The great NY ensemble ETHEL had a few minutes to sit down and chat about the current tour and their stage project Documerica, which will be presented this coming October 2nd through the 5th at BAM (Click here for info).
CM: I’ve interviewed some of the former members of ETHEL separately, and also Kip and Tema separately last year when you guys just joined. What has it been like these days for the group? You’ve been together 16 years?
Dorothy: We’re getting into our 16th season, I think, yes!
Ralph: But it feels like 17! [laughs]
Dorothy: Tema and I were just observing how it really feels like we’ve got our groove on, like, we’re a band again, it’s so wonderful! It takes time to learn each other, and with so many energies and experiences gone into the band last year. We did great! It was a lot of work, and the new members absorbed a huge amount of Ethel literature in one year. But here, we’re actually in the process of working on programs that we have never played before with materials that we’re all learning fresh, and the working aesthetic is really great. There’s plenty of authority and energy all around the band, it’s just really cool.
CM: Is it really hard when there’s a change-over in the lineup? There were several other people in this group as well just in the last couple of years. Is that difficult just to start over again and have people learn a whole new repertoire?
Tema: I think it’s been a really interesting year for me and Kip, only in the past couple of months we’ve sort of settled into a comfortable place.
Kip: I’d say maybe this year–when we stop getting hit by a bus every year…
Ralph: We were going through some changes, and it happens to everybody, we had to keep the group rolling and still do the shows and present the record we were supposed to be presenting. Dorothy and I were working really really hard to make sure that Ethel retained its integrity as we were going through our search. It was kind of fascinating that this allowed us to redefine the things that were important to us as we were moving forward. I found some things that were really cool about our 2 other founding members, Todd Reynolds and Mary Rowell–when it was just Dorothy and me alone for 2 seconds, and then going through our search, I realized that when we released things that Todd and Mary left us with, they were just these colors and spirits that they brought to us in their work, and then supplemented on the road by Neil Dufallo and Jen Choi as well. We were blessed with a whole repertoire of techniques from each of these folks.
ETHEL Performs Judd Greenstein’s “Octet 1979” at Pick-Staiger Concert Hall
CM: Please talk about Documerica.
Ralph: In 1972, the newly-formed Environmental Protection Agency created a project called Documerica, where they commissioned 100 photographers to go all around the country shooting what they saw, shooting the country. So this is a massive, massive documentary about our country, the state of the environment, and the state of its people.

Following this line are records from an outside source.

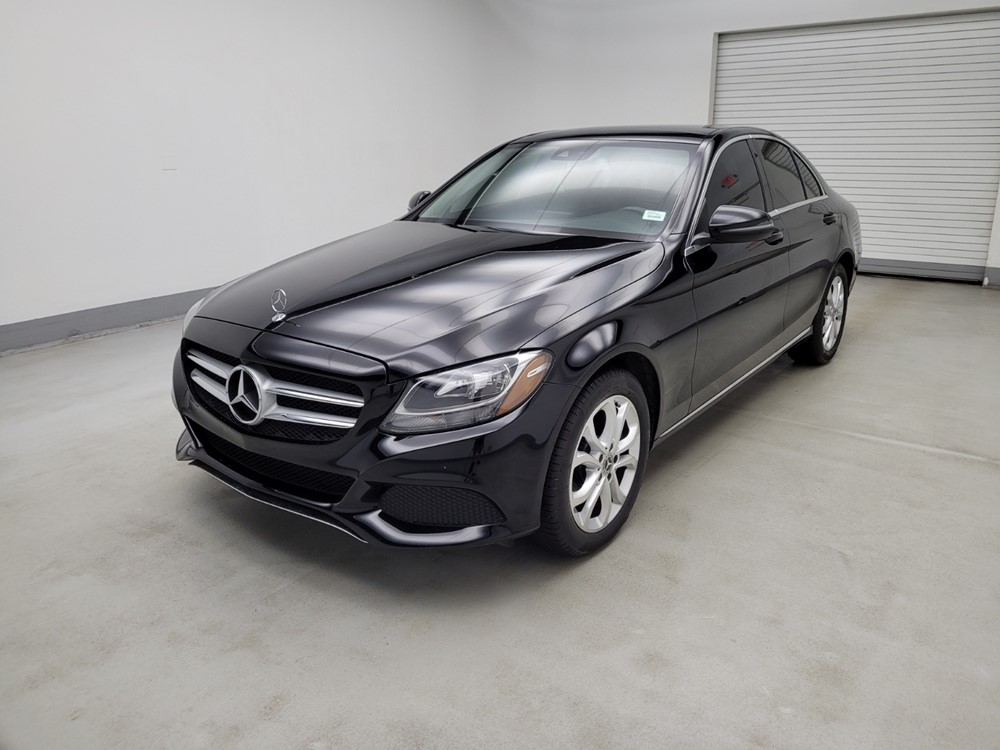 Used 2016 Mercedes-Benz C300 Driver Front Bumper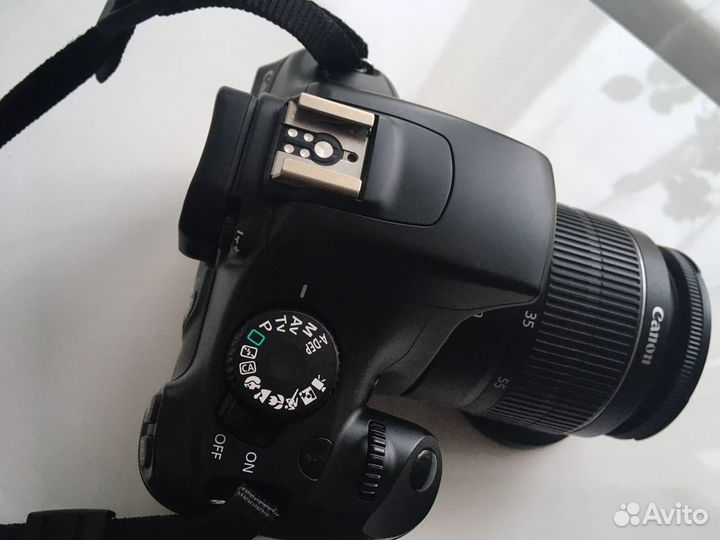 Canon 1100d kit 18-55mm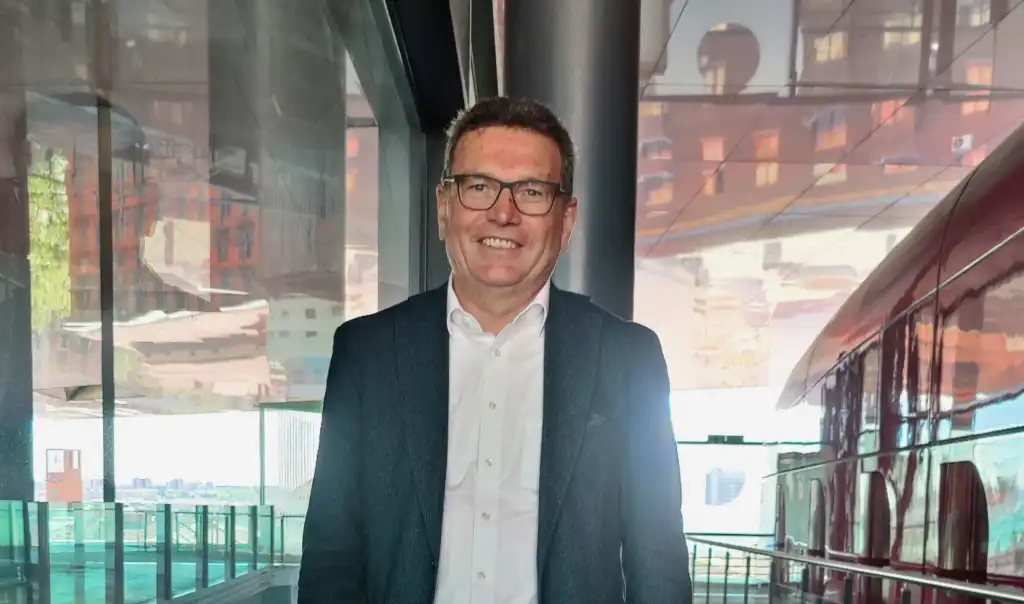 Helmut Reisinger (Palo Alto Networks)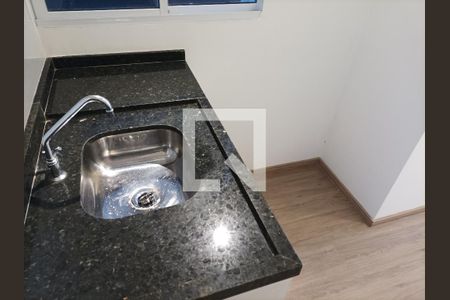 Studio para alugar com 29m², 1 quarto e sem vagaCozinha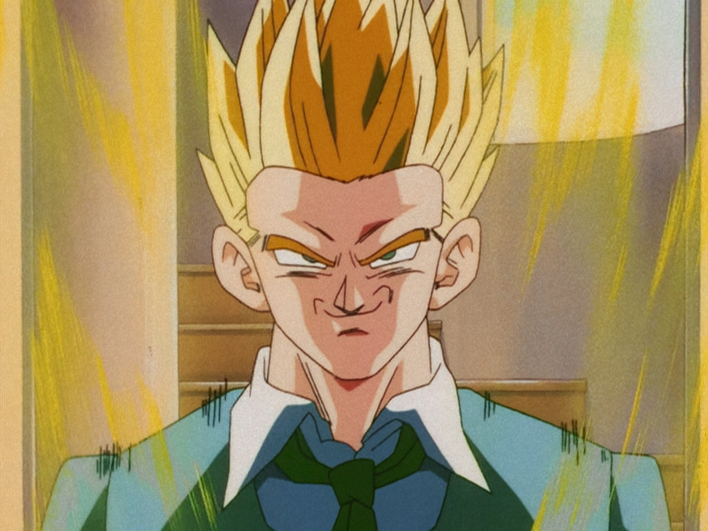 Super Gohan S Clothing Dbz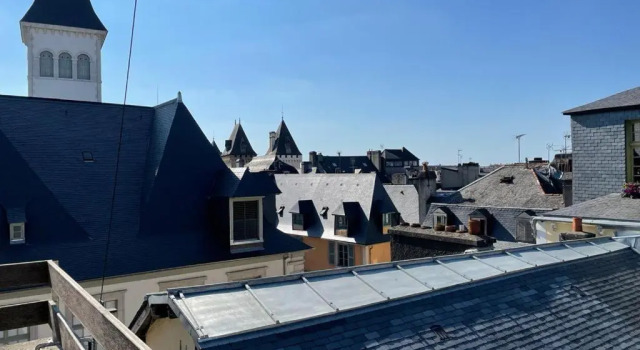 Апартаменты c 1 комнатой Chez Fabien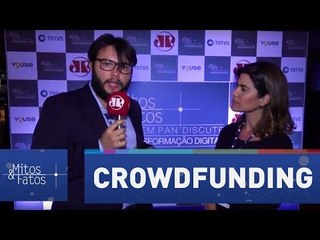 O que é crowdfunding?, co-fundadora da Kickante explica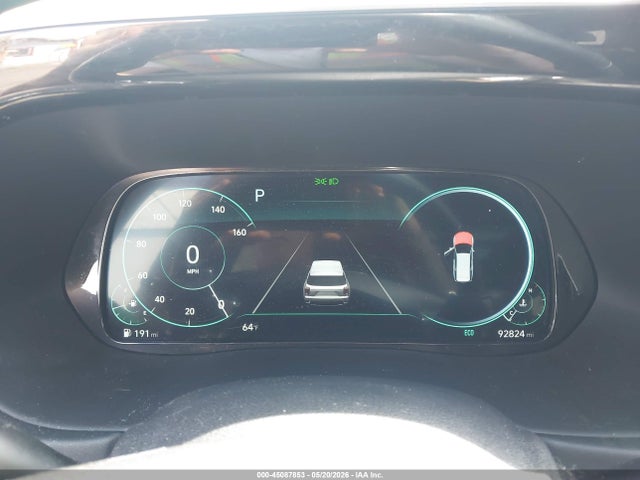 45087853 :رقم المزاد ، KM8R7DHE3MU230250 vin ، 2021 Hyundai Palisade Calligraphy مزاد بيع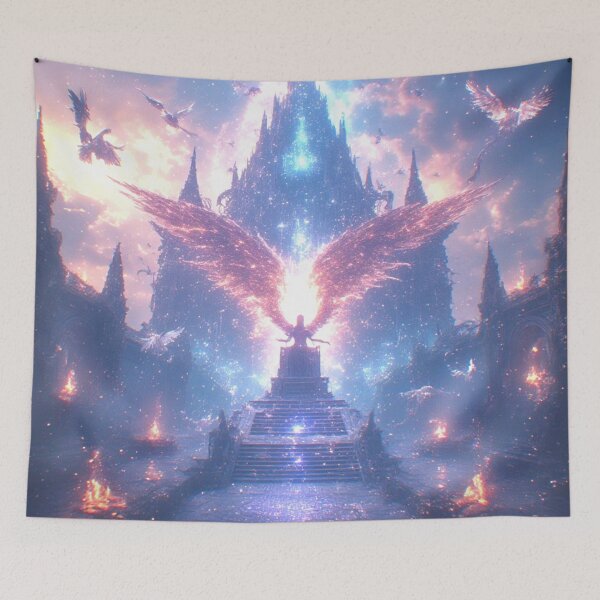 Item preview, Cinematic Art: Celestial Palace 3 designed and sold by Gryfonarts.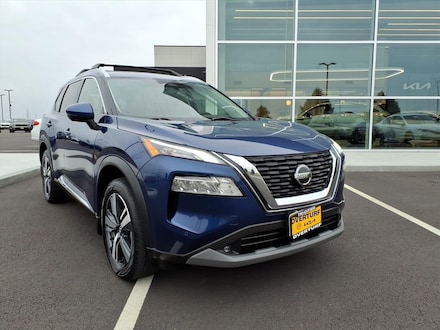 2021 Nissan Rogue SL Sport Utility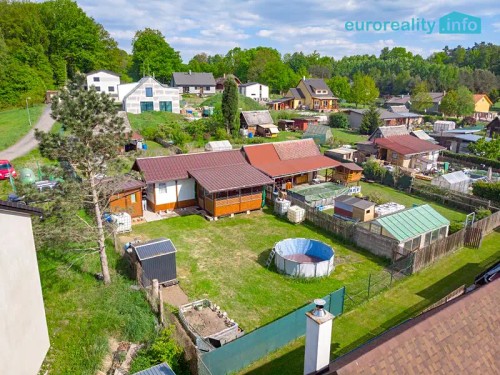 Prodej chaty 44 m², pozemek 260 m²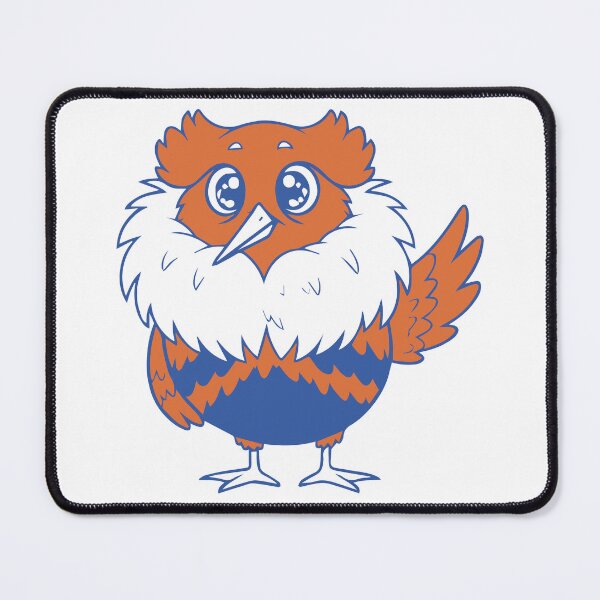Item preview, Illustration of an elegant ruffed bird, Kemphanen – Majestic art of wild birds designed and sold by Wolagno.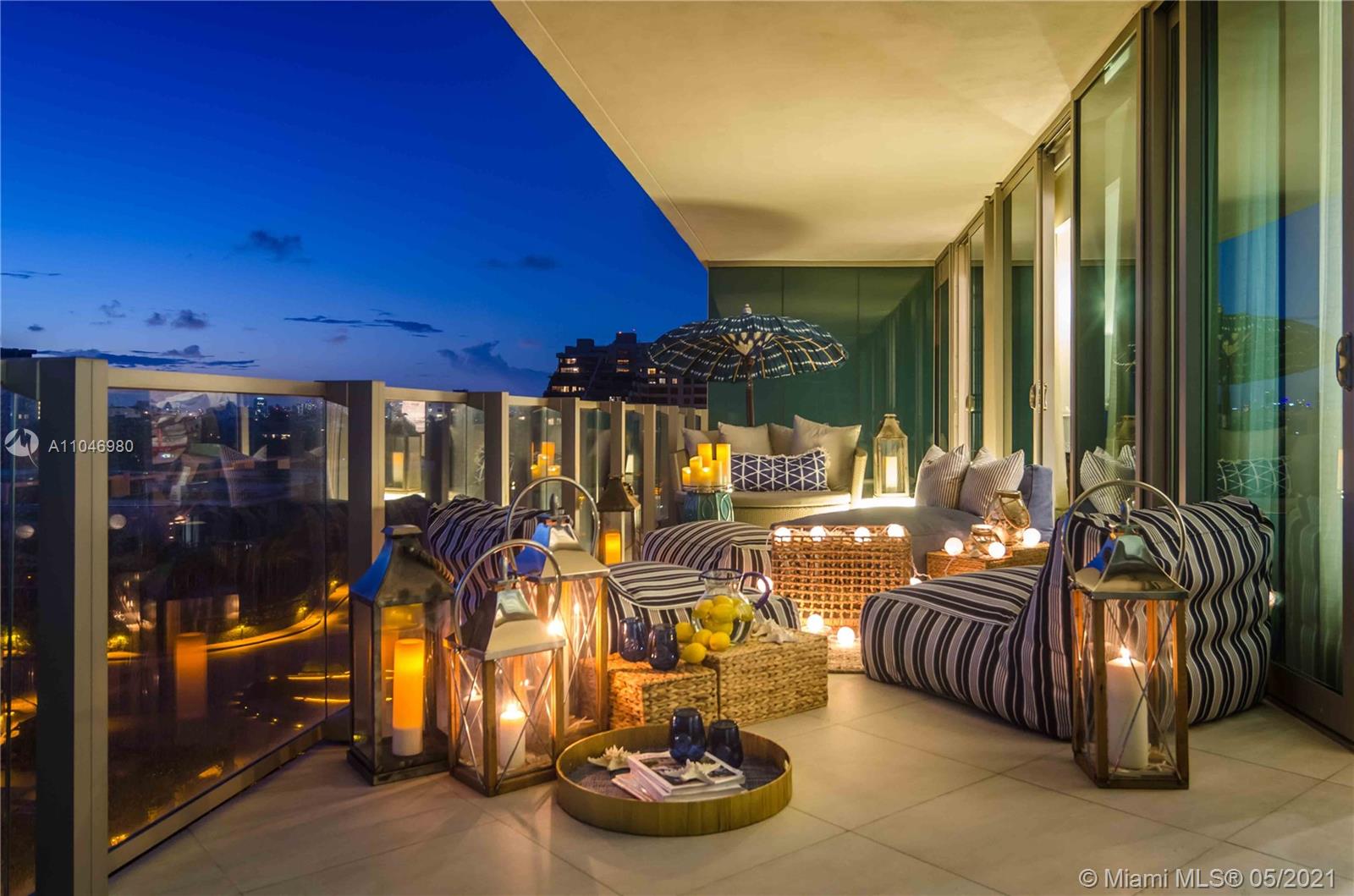 OCEANA KEY BISCAYNE CONDO - Residential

So Ethel created “Ethel’s Documerica“, it commissioned 4 amazing composers and a projection artist (Deborah Johnson), and this project was born.
Dorothy: We linked it to our musical outreach by drawing in collaborators from all across the country to write the music with us.
Kip: We have composers James Kimo Williams, Ulysses Owens, Jr., Mary Ellen Childs and Jerod ‘Impichchaachaaha’ Tate, who have all taken 4 very disparate perspectives on the environment, on what it means to be an American composer, and presented them to us, and we will try to deliver them all through the same lens, through the visual presentation as well as through our performance as an ensemble. There will a shared sense of theme as well as place and identity. With any luck, that will focus itself through the ensemble and straight into the audience’s mind, which we’ll promptly blow.